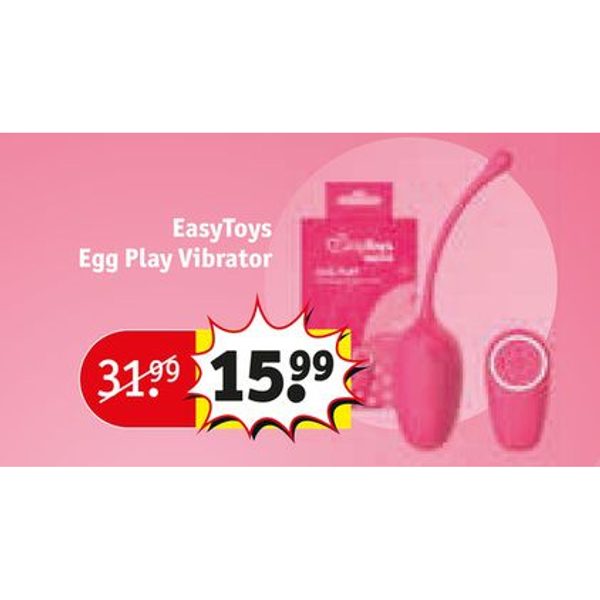 EasyToys Egg Play Vibrator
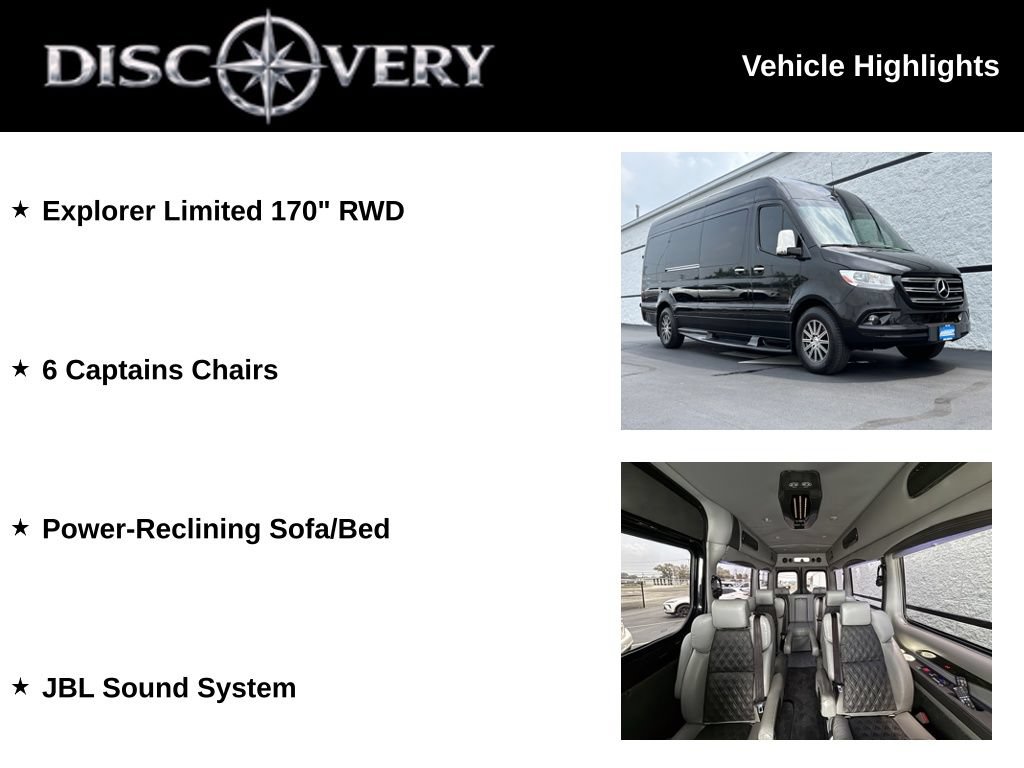 Used 2023 Mercedes-Benz Sprinter 2500 image 2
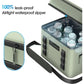 Lanedo Lisa Lunch Soft Cooler 20 Can, Insulated Bag Portable Ice Chest Box for Lunch, Beach, Drink, Beverage, Travel, Camping
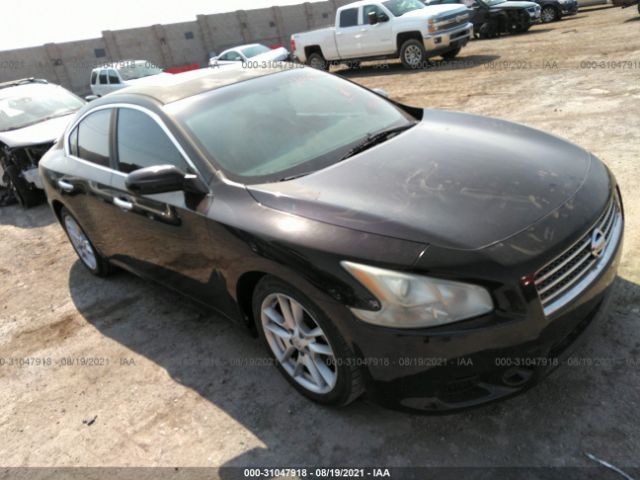 NISSAN MAXIMA 2010 1n4aa5apxac857135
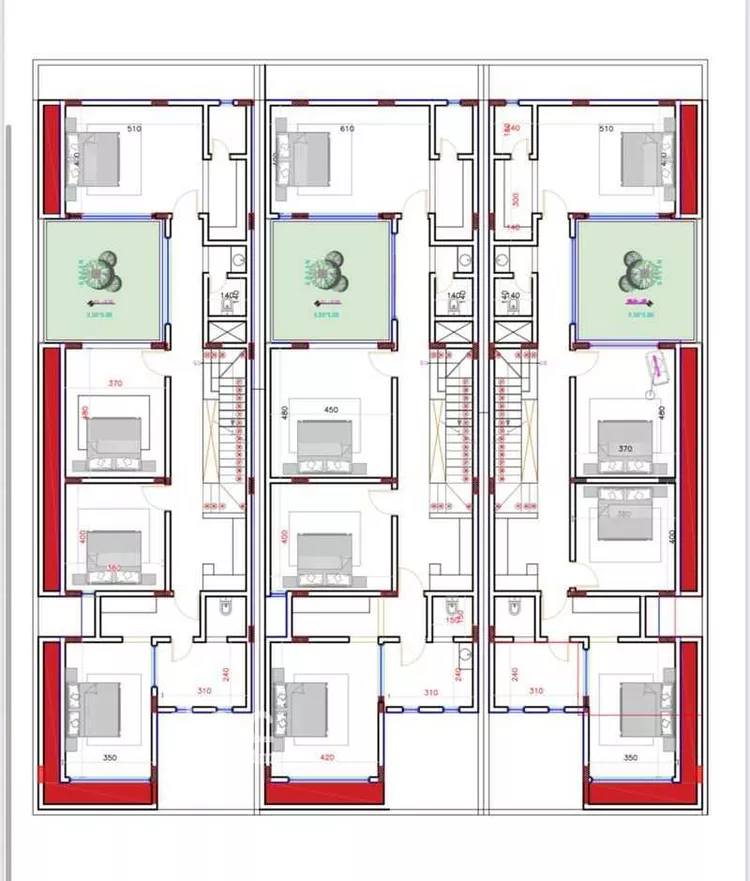 فيلا للبيع في شارع ج3 288, حي الأصالة, مدينة الجموم - بحرة, منطقة مكة المكرمة صورة 3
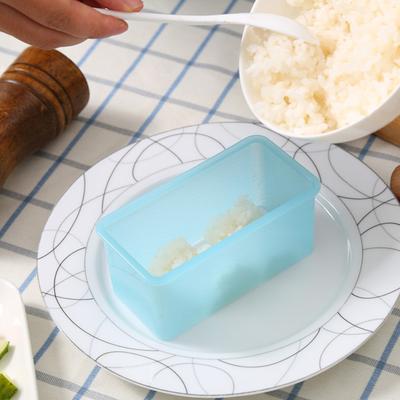Stampo per Sushi Ecologico Facile da Sformare Plastica Fai da Te Stampo per Sushi Strumenti per Uso Domestico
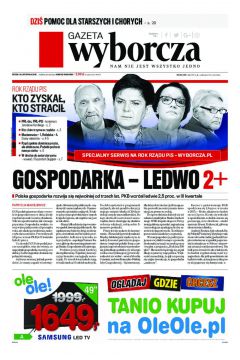 ePrasa Gazeta Wyborcza - Rzeszw 267/2016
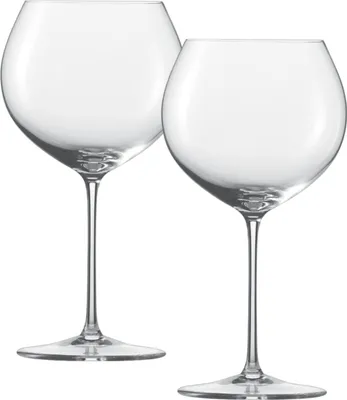 Immagine prodotto di Zwiesel Glas 2 pezzi bicchiere da vino rosso Borgogna Enoteca fatto a mano - lavabile in lavastoviglie 122086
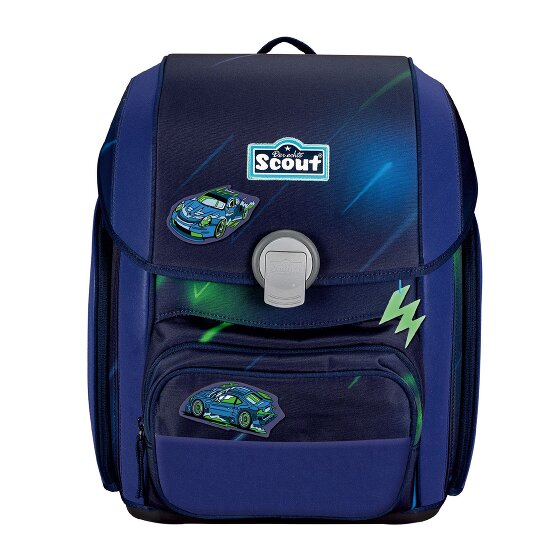 Scout Juego de mochilas escolares Genius 4pcs Superflask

# [TASK DIRECTIONS]
Write the lines from the one containing "Used 2023 Mercedes-Benz" through the end of the data above exactly as they appear, and do not carry over any picture.

# [RESULT BELOW]
 Used 2023 Mercedes-Benz Sprinter 2500 image 2
 Lanedo Lisa Lunch Soft Cooler 20 Can, Insulated Bag Portable Ice Chest Box for Lunch, Beach, Drink, Beverage, Travel, Camping
 NISSAN MAXIMA 2010 1n4aa5apxac857135
 فيلا للبيع في شارع ج3 288, حي الأصالة, مدينة الجموم - بحرة, منطقة مكة المكرمة صورة 3
Stampo per Sushi Ecologico Facile da Sformare Plastica Fai da Te Stampo per Sushi Strumenti per Uso Domestico
 ePrasa Gazeta Wyborcza - Rzeszw 267/2016
 Immagine prodotto di Zwiesel Glas 2 pezzi bicchiere da vino rosso Borgogna Enoteca fatto a mano - lavabile in lavastoviglie 122086
 Scout Juego de mochilas escolares Genius 4pcs Superflask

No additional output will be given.